Oncle Boonmee d’Apichatpong Weerasethakul (2010)
La Palme d’or la plus audacieuse de la dernière décennie, décernée devant un bain de festivaliers mi-consternés mi-ravis par le président du jury Tim Burton, qui résuma le film d’une brève mais belle formule : “Le film m’a paru aussi étrange et beau qu’un rêve.” S’il a toujours été question d’onirisme chez Weerasethakul, le film marque une nouvelle étape dans l’œuvre du cinéaste. En mettant en suspens tous les éléments du cinéma de narration, Oncle Boonmee propulse son spectateur dans un cocon sensoriel qui conjugue la pure matérialité à la transcendance mystique, quelque chose de l’ordre d’un paradis de cinéma.
Rage de David Cronenberg (1977)
Suite à un accident qui lui fait subir de graves brûlures, Rose se rend chez un chirurgien peu scrupuleux afin de l’aider, mais son corps rejette la greffe de ce dernier. Des pulsions apparaissent alors, la poussant à des envies sanguinaires. Quatrième long métrage de Cronenberg, affilié à sa première partie de carrière résolument Z, Rage explore déjà avec une radicalité et une cohérence rare les deux grandes thématiques du laboratoire filmique du Canadien : l’exploration des pulsions les plus extrêmes et la plasticité de l’enveloppe corporelle.
Les Demoiselles de Rochefort de Jacques Demy (1967)
Parce que 55 ans après, c’est toujours le plus beau film du monde, que vous soyez amoureux·ses éperdu·es ou naufragé·es. du cœur, il y aura toujours quelque chose à chercher et à trouver dans Les Demoiselles de Rochefort.
Alice et le Maire de Nicolas Pariser (2019)
La politique est-elle toujours le lieu des idées ? C’est l’une des questions du film de Nicolas Pariser en même temps que la maladie qui frappe son personnage principal, le maire de Lyon (Fabrice Luchini). Vidé, sans aucun nouvelle idée pour sa ville, on décide de lui adjoindre une jeune et brillante philosophe (Anaïs Demoustier).
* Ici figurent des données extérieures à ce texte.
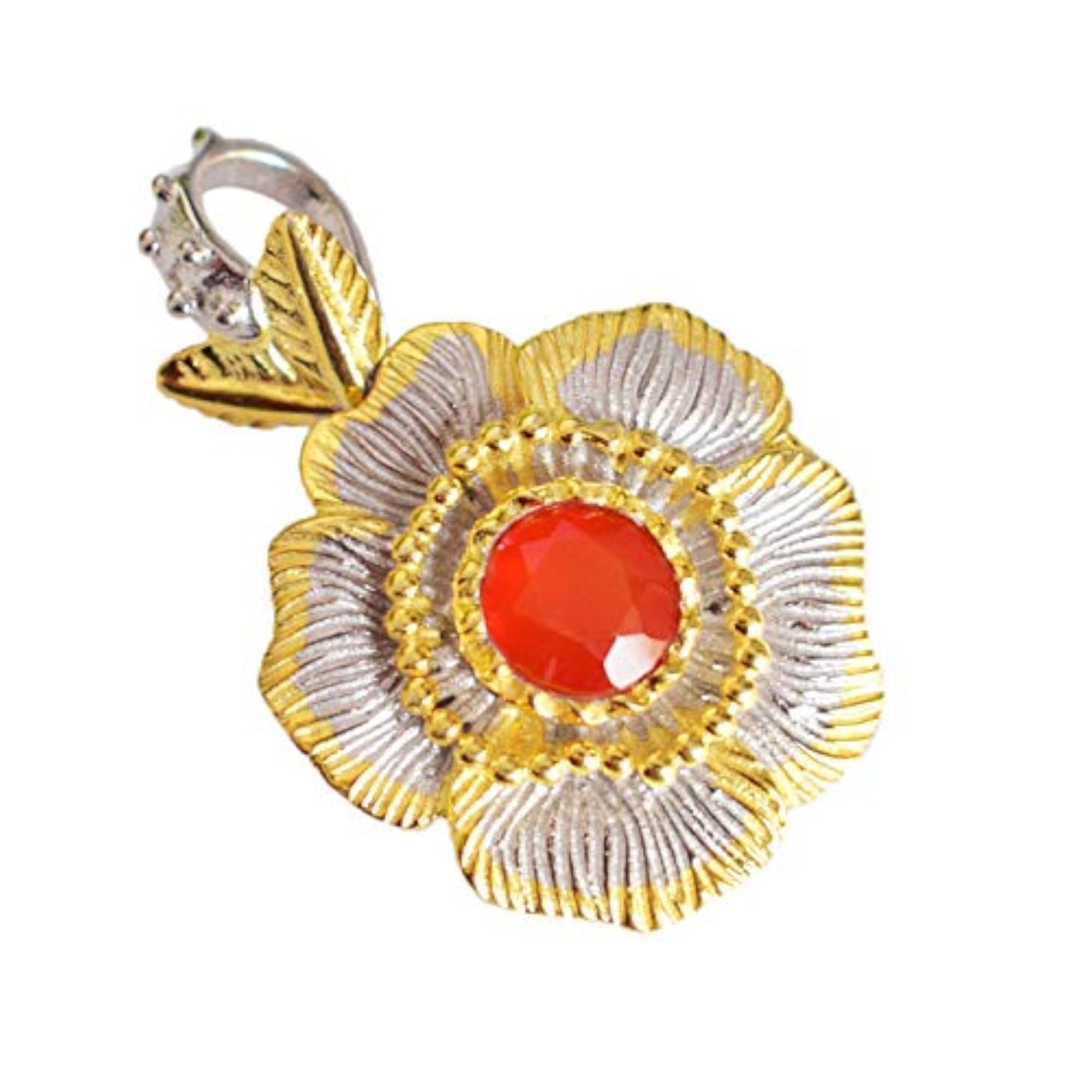 Natural Carnelian Flower Design 925 Silver Pendant Necklace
Aussi drôle qu’intelligent, filmé comme un ballet de paroles, Alice et le Maire orchestre un long dialogue entre les deux êtres pour tenter de conjuguer à nouveau la pensée et l’action.
Les Poings dans les poches de Marco Bellocchio (1965)
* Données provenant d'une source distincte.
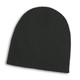 A black cable knit beanie with a ribbed texture and a branding logo.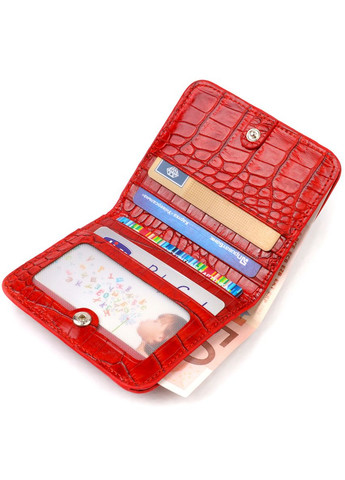 Жіночий гаманець з натуральної шкіри з тисненням під крокодила 21795 Червоний Canpellini (298567778)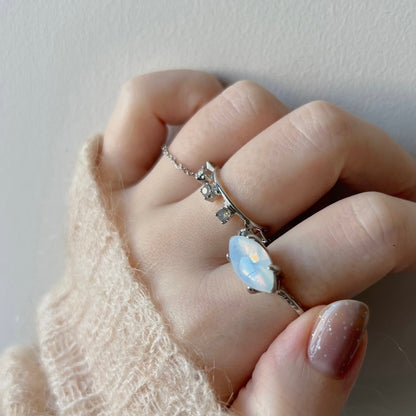 01. [ opal ] gem TEN stones silver [ free size ]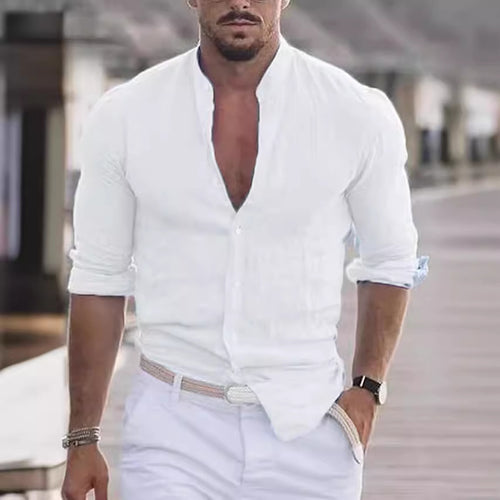 Herren modisches Langarmhemd mit leichtem Stoff Heidi-Mode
Dès sa sortie, le premier long métrage de Marco Bellocchio est considéré comme un coup de maître autant qu’un grand film de révolte sur la société italienne. Acerbe, mordant et glacial, le regard du cinéaste italien fustige tous les piliers de l’Italie conservatrice (notamment la famille et l’Église) et entraîne le cinéma italien vers une radicalisation politique à laquelle se joindront bientôt Pasolini ou Bernardo. Un grand film contestataire qui rompt avec la morale néoréaliste de l’époque.
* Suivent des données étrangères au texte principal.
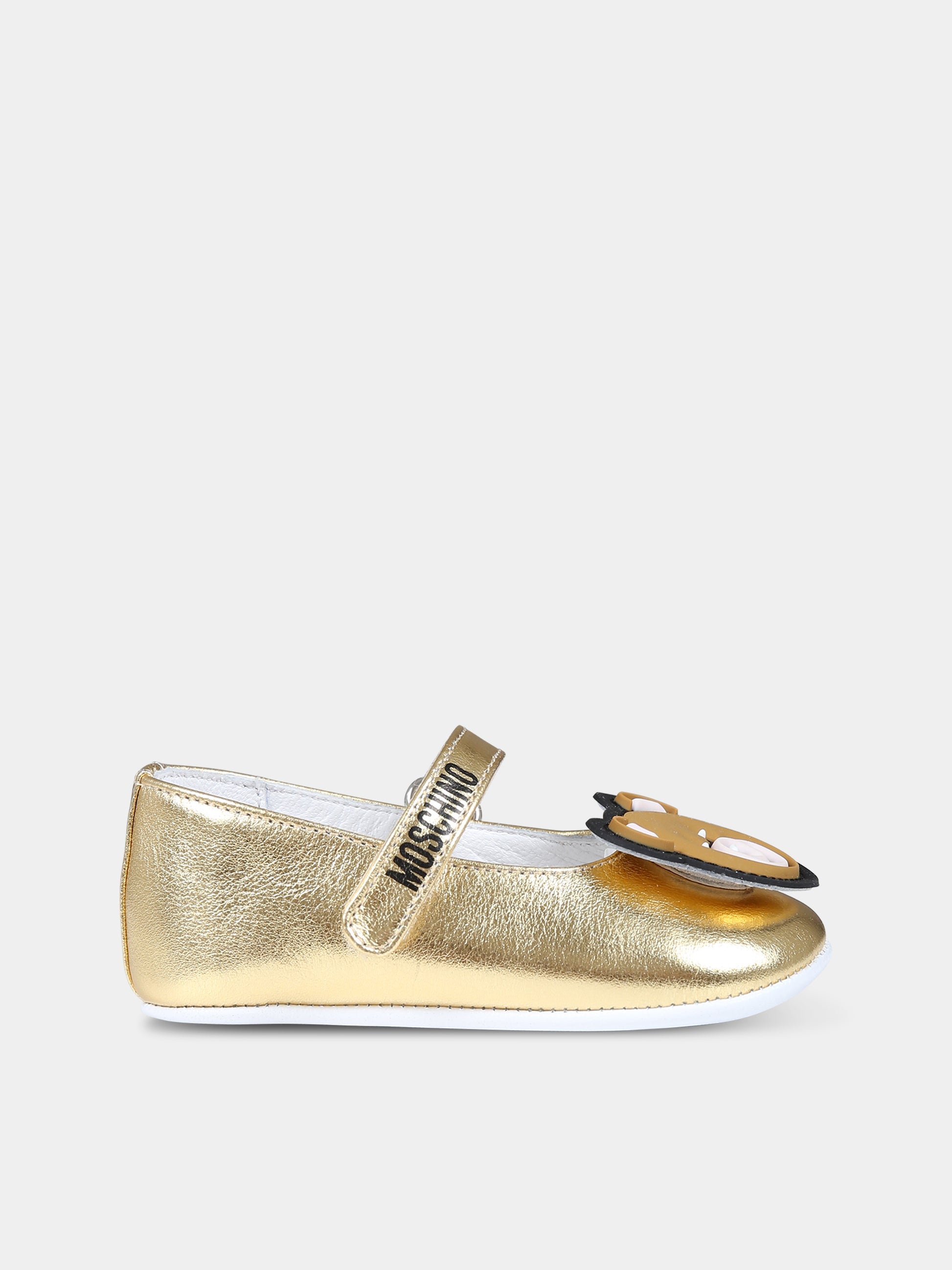 Ballerine oro per neonata con logo e Teddy Bear,Moschino Kids,75805 1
Esther Kahn d’Arnaud Desplechin (2000)
Œuvre injustement méconnue du cinéaste français, entre le thriller et l’essai cérébral le quatrième film d’Arnaud Desplechin demeure l’un des grands sommets de sa carrière. Loin des briques rougeâtres de Roubaix et des appartements parisiens des premiers ouvrages, le cinéaste s’exporte outre-Manche au sein d’un quartier juif de Londres au XIXe siècle. On y suit Esther Kahn (Summer Phoenix) qui rêve de devenir actrice. Desplechin s’émancipe des codes du film de costume pour mieux embrasser le récit d’apprentissage et livrer un témoignage passionnant sur les forces de la fiction.